1 When researching your background, I discovered that part of your family is from Saffuriyya, one of the Palestinian towns that was destroyed in the Nakba. This is a location known to many ICAHD members because we visit it during our study tours. Tell us more about your family that lived in Saffuriyya before 1948.
My father’s mother was from Saffuriyya, which was located near Nazareth and before ’48, it was actually as big as Nazareth. My grandmother was the daughter of a sheikh who believed that education was important, so my grandmother learned to read and write at a school in Saffuriya run by the nuns. The school is one of the only buildings that wasn’t demolished in that locality during the Nakba. It is now run as an orphanage so that is what your study tours saw during their visit.
My grandmother was from a big family. She got married when she was 13 and moved to Birzeit with her husband; she was the second wife. However, she would return to Saffuriya for visits to her family, but of course, after ’48, there was nothing to return to. Her family were made refugees and went to live in Lebanon and Syria.
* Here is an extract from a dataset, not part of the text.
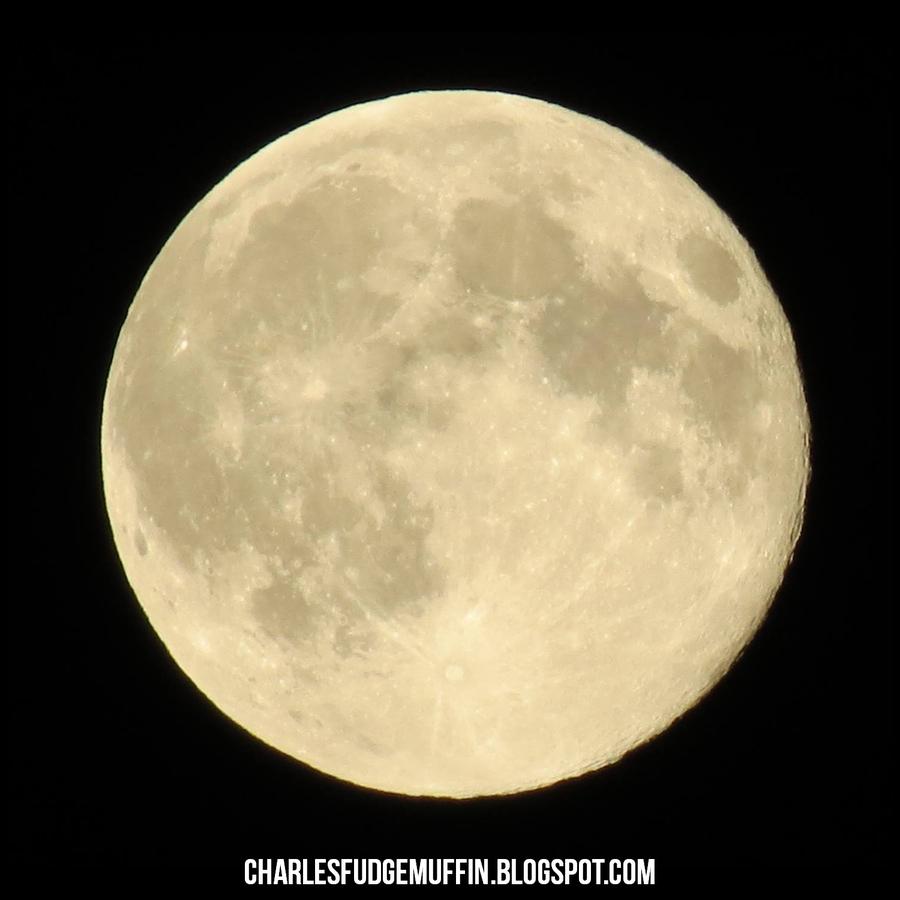 How many times would you have to fold a sheet of paper in half for it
Later, some of her brothers “escaped” and went to live in Nazareth which has an area that refugees from Saffuriya live in. My father remembers a few visits to Saffuriya when he was young and then after ’67 he, my grandmother and others from the family were finally able to connect with the family who were living in Nazareth after their many years of separation.
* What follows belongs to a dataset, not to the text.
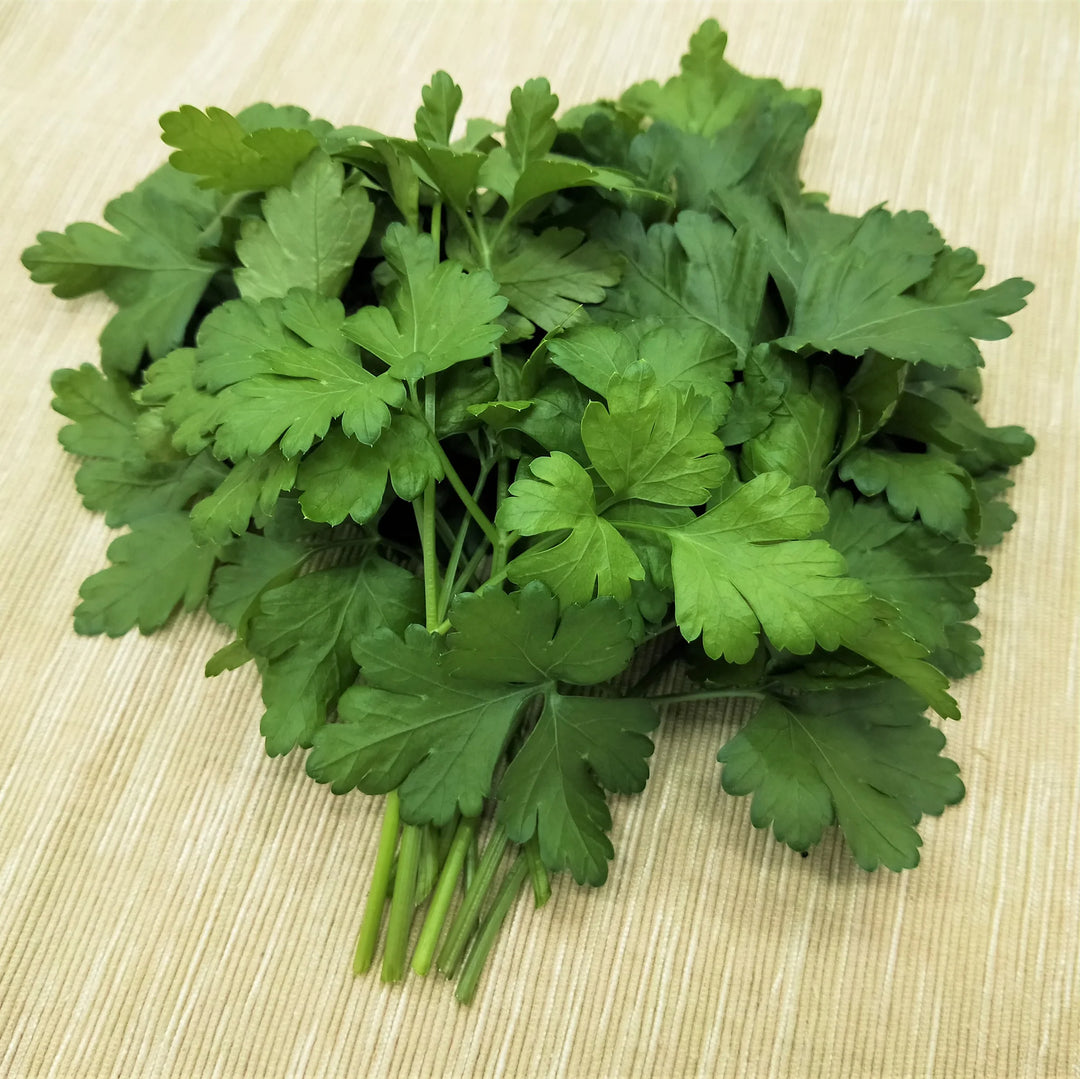 Italian Parsley Herb Seeds for Planting - Non-GMO and Heirloom seeds for home garden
2 With a Palestinian father and an Italian mother, where did you grow up? Who were the primary influencers in your life and how much did Palestine play a part in your childhood and youth?
I was born in Irbid, Jordan, in 1967 just two months after the ’67 war when Israel’s occupation began. At the time my father was working there but because Israel then occupied the West Bank, my family couldn’t return to Birzeit. I grew up in the Arab diaspora – in the Gulf. My grandmother came to live with us and remained with us for 12 years.
My family was very political. My mother adopted the Palestinian cause and the overall feeling we had was that we were transient. We were Palestinian and we wanted to live in Palestine. My father constantly spoke about how he wanted to build a home in Bir Zeit and that is where he wanted when he died.
My parents were finally able to take me to Palestine in 1977, when I was ten years old. It was a wonderful visit! We were living in Dubai at the time with all its sand. For me, Palestine was a green paradise, I loved it and I knew that I also wanted to live there! Looking back, without doubt, my parents are the people who have had the greatest influence on my life - who I am and the choices I’ve made.
3 You studied political science at Cambridge University in England and gained your PhD from the University of London before doing your post-doctoral research at Harvard's Center for Middle Eastern Studies. What led you to study politics? Did you always aspire to being an academic?
Getting a good education was important for my family. It started with my grandmother learning to read which was quite progressive for a girl in those days. My grandmother had five children – four sons and one daughter – and each gained a university degree.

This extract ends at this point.